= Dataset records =
------------------------------------------------------------------------
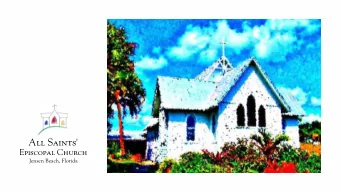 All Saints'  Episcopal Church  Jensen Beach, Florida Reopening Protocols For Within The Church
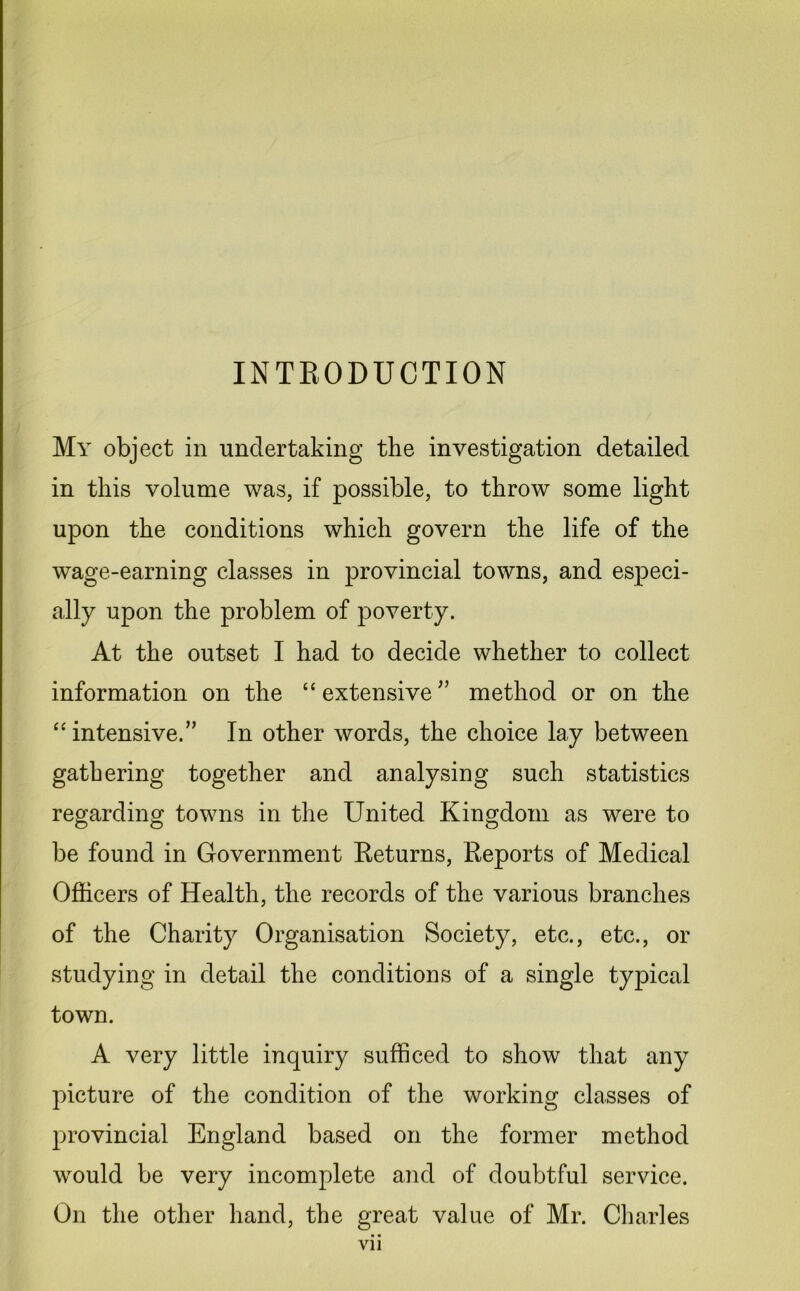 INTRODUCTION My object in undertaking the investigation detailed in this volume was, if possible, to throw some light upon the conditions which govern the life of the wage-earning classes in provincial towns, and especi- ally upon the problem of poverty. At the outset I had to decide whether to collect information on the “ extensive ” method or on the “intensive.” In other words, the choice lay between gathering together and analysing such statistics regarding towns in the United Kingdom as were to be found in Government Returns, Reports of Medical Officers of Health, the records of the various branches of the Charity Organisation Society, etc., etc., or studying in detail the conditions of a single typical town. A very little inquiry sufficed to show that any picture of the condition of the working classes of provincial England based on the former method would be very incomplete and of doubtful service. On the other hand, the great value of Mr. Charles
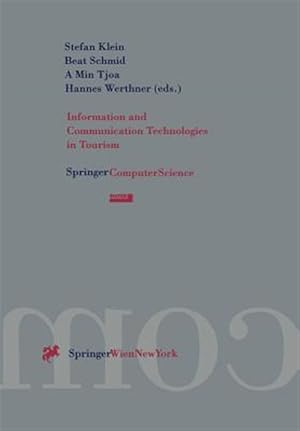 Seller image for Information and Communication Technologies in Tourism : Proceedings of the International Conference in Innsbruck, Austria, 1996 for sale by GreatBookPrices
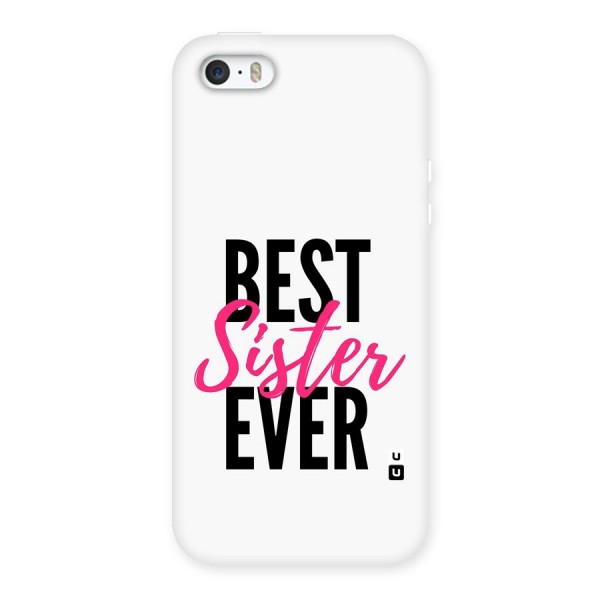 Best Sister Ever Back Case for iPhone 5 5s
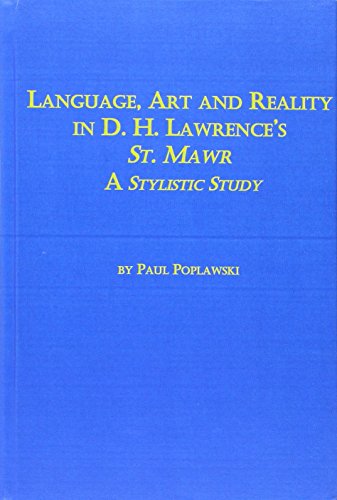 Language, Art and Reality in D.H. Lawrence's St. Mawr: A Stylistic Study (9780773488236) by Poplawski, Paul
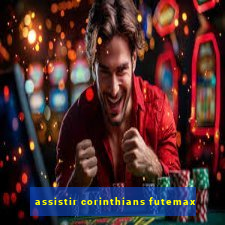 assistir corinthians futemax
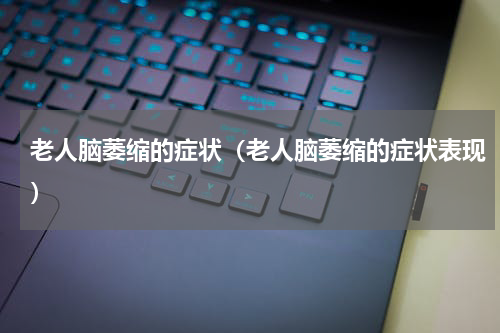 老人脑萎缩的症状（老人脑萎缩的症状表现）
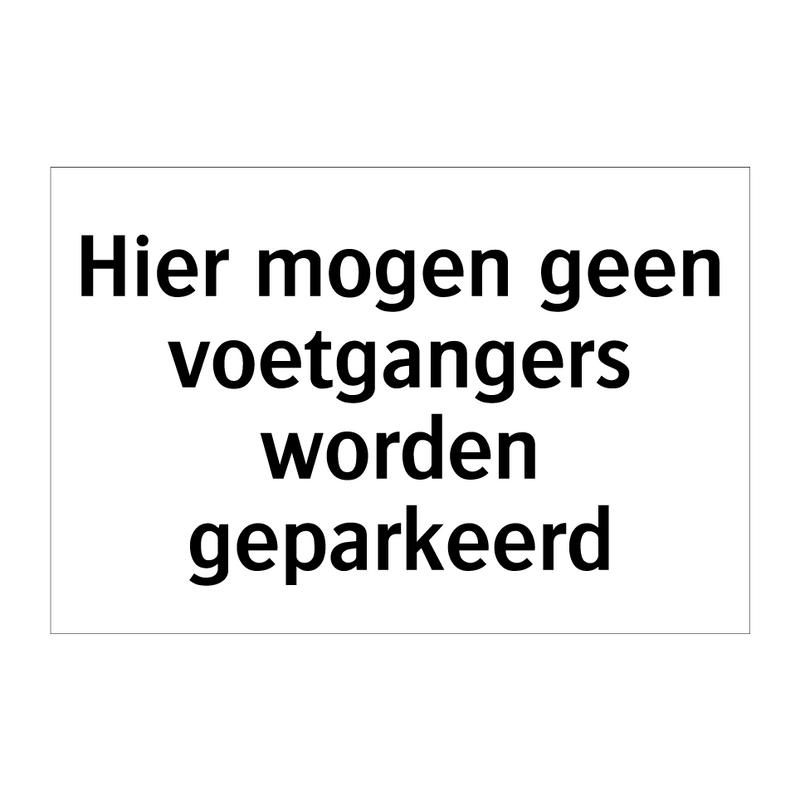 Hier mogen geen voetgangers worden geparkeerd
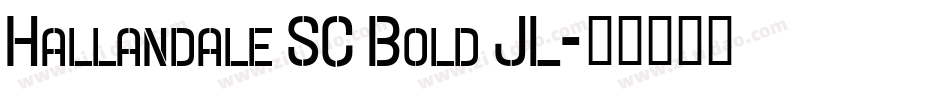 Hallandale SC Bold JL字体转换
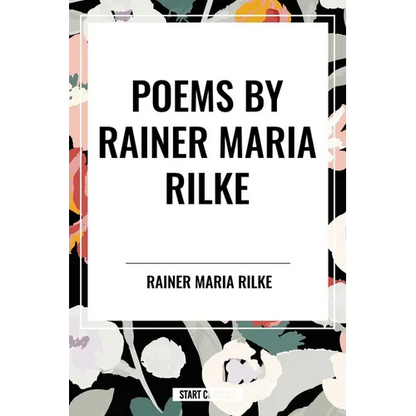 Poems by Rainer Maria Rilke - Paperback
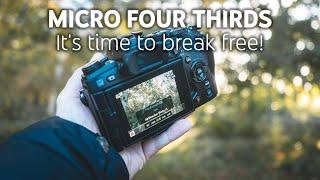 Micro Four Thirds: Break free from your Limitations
------------------------------------------------------------------------
= Your task =
Extract precisely the lines beginning at the line containing "Seller image for" and ending at the last line of the entries above, exactly as written and with no pictures.

= Task answer =
 Seller image for Information and Communication Technologies in Tourism : Proceedings of the International Conference in Innsbruck, Austria, 1996 for sale by GreatBookPrices
 Best Sister Ever Back Case for iPhone 5 5s
 Language, Art and Reality in D.H. Lawrence's St. Mawr: A Stylistic Study (9780773488236) by Poplawski, Paul
 assistir corinthians futemax
 老人脑萎缩的症状（老人脑萎缩的症状表现）
 Hier mogen geen voetgangers worden geparkeerd
 Hallandale SC Bold JL字体转换
 Poems by Rainer Maria Rilke - Paperback
 Micro Four Thirds: Break free from your Limitations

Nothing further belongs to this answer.